Sem falar do contexto de dificuldade econômica, precarização do trabalho, falta de saneamento básico, saúde e segurança, que algumas parcelas sentem profundamente em nosso país. E ainda, das questões de preconceito e discriminação, enfrentadas por grupos minoritários cotidianamente.


Tudo isso para demonstrar como, há vulnerabilidade em diferentes níveis e grupos, com necessidades mais básicas ainda não atendidas, que abrem lacunas para discursos persuasivos, com soluções fáceis para problemas difíceis. No filme, é possível observar como são justamente os alunos sem estrutura familiar e segurança emocional que se envolveram profundamente com o movimento.


Ficando evidente a diferença entre os que diante de acontecimentos mais sérios foram percebendo a gravidade do movimento e entendendo seus perigos, e os que estavam completamente cegos e entregues, a ponto de não aceitarem o fim do grupo, independentemente das consequências.


Contexto que podemos relacionar com as recentes polarizações, em que o apoio e crença a uma ideologia é levada ao extremo, sem possibilidade de críticas ou diálogo com o diferente.



Como não fazer parte


É difícil se tornar imune a discursos persuasivos e massivos, eles estão em toda parte e em diversos segmentos: publicidade, mídia informativa, política, religião, entre tantos outros. E, não podem ser excluídos ou rejeitados, afinal também possuem sua função, podendo contribuir para a transmissão de mensagens positivas, informações relevantes e mobilizações a favor de necessidades reais da população.


Portanto, o que entendemos como necessário é orientar e preparar a população, para o poder que esses discursos têm, tornando-a mais atenta e crítica, para formular suas próprias interpretações e mensurar o que faz mais sentido para si.


Tornando nossa sociedade capaz de avaliar o que corresponde com seus valores, atende suas necessidades e é coerente de acordo com seu próprio ponto de vista e realidade.


Nossa contribuição está em alertar e demonstrar de forma acessível, como esses sistemas persuasivos funcionam, e nesse caso recomendamos muito o filme A Onda. De forma extremamente clara e didática ele explica como a manipulação acontece e principalmente, seus perigos e consequências.

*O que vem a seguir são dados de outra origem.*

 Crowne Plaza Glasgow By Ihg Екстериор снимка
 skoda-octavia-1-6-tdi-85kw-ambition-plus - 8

Também contribuímos levando educação política para jovens em escolas, na esperança de formarmos cidadãos mais autônomos e conscientes, sobre seus direitos e deveres na construção de uma sociedade democraticamente forte e autônoma.


 

Sobre as referências do filme:


Filme inspirado no livro The Wave, de Todd Strasser, lançado em 1981. Obra, que por sua vez, é baseada numa história real, em que um professor nos EUA realizou esse mesmo experimento com sua turma. Contudo, naquela ocasião, o professor teve de pausar a experiência no terceiro dia.

Há um curta-metragem, de 1981, que retrata esse experimento, chamado também de A Onda, que encontramos no Youtube.

Desdobramentos recentes:

Em 2019, a Netflix lançou a série: Nós somos a onda — inspirado no mesmo livro de Todd Strasser, mas trazendo uma nova perspectiva.

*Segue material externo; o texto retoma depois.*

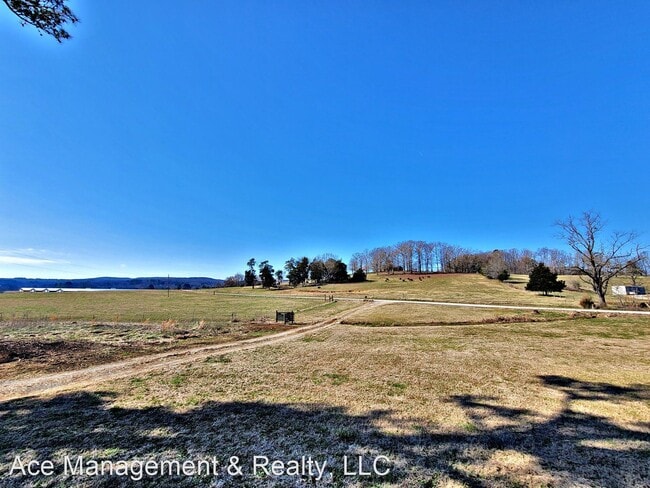 Building Photo - 3 br, 2 bath House - 372 County Rd 201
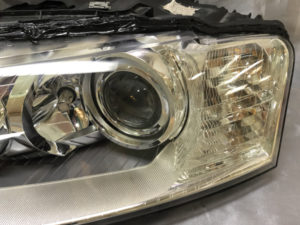 アウディ S8 後期型 純正ヘッドライト オーバーホール・内外クリーニング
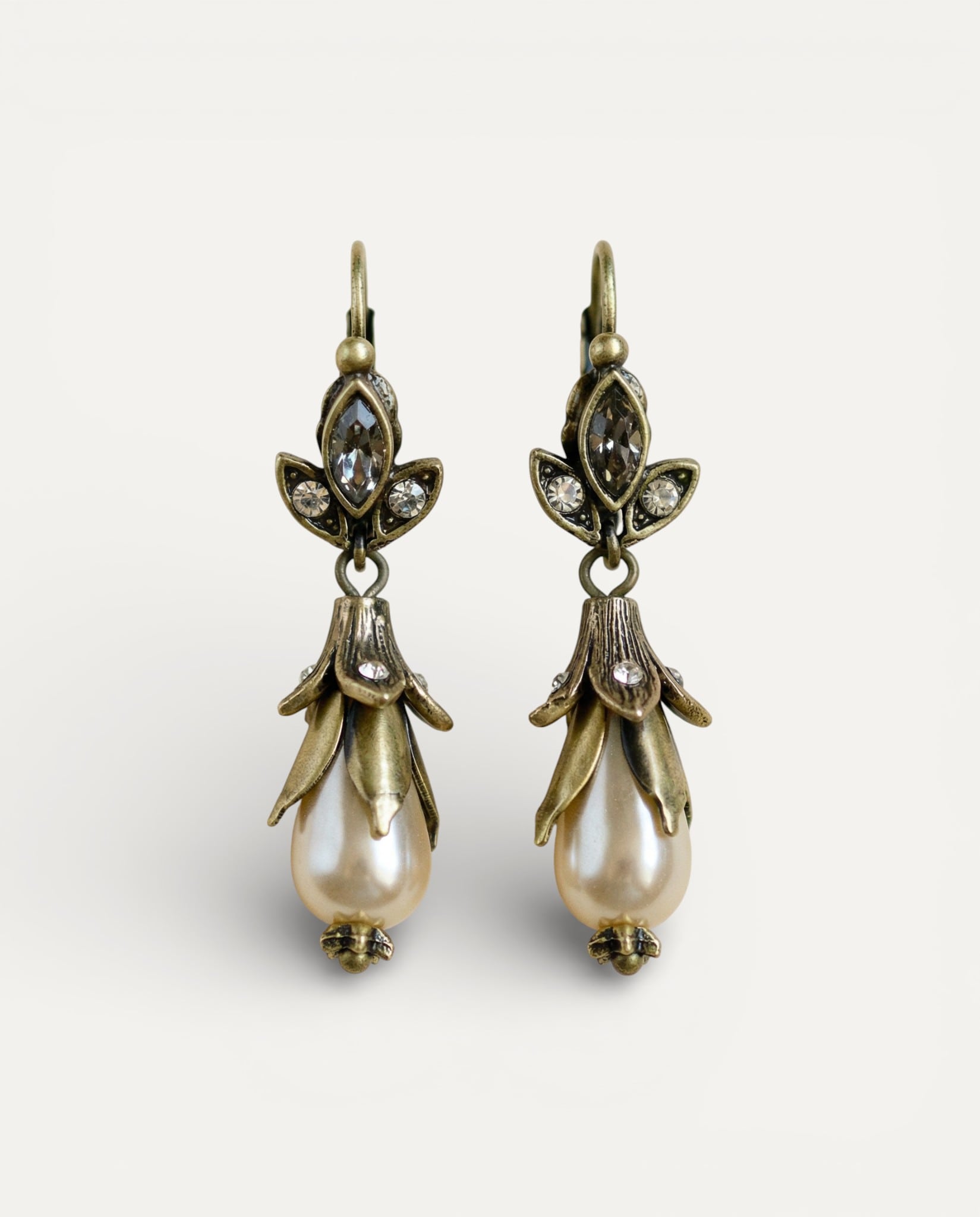 Vintage Floral Drop Earrings with Pearls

Nesse enredo, os jovens são ativistas e militantes, que gravam suas ações de protesto e disponibilizam o conteúdo na internet, conquistando cada vez mais apoiadores.

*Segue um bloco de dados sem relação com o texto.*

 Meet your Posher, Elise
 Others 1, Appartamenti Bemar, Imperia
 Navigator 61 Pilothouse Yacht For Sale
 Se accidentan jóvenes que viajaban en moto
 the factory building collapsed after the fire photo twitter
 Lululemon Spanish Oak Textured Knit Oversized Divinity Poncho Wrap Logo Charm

Acontece que mesmo movidos por boas razões, sua forma de organização, seus discursos em prol do movimento e os tipos de protestos realizados eram bastante extremistas e violentos, numa busca de eliminar aquilo que não concordavam. Bastante interessante para refletir sobre como mesmo em prol de uma boa causa, uma estrutura autocrática pode se reproduzir e ser danosa.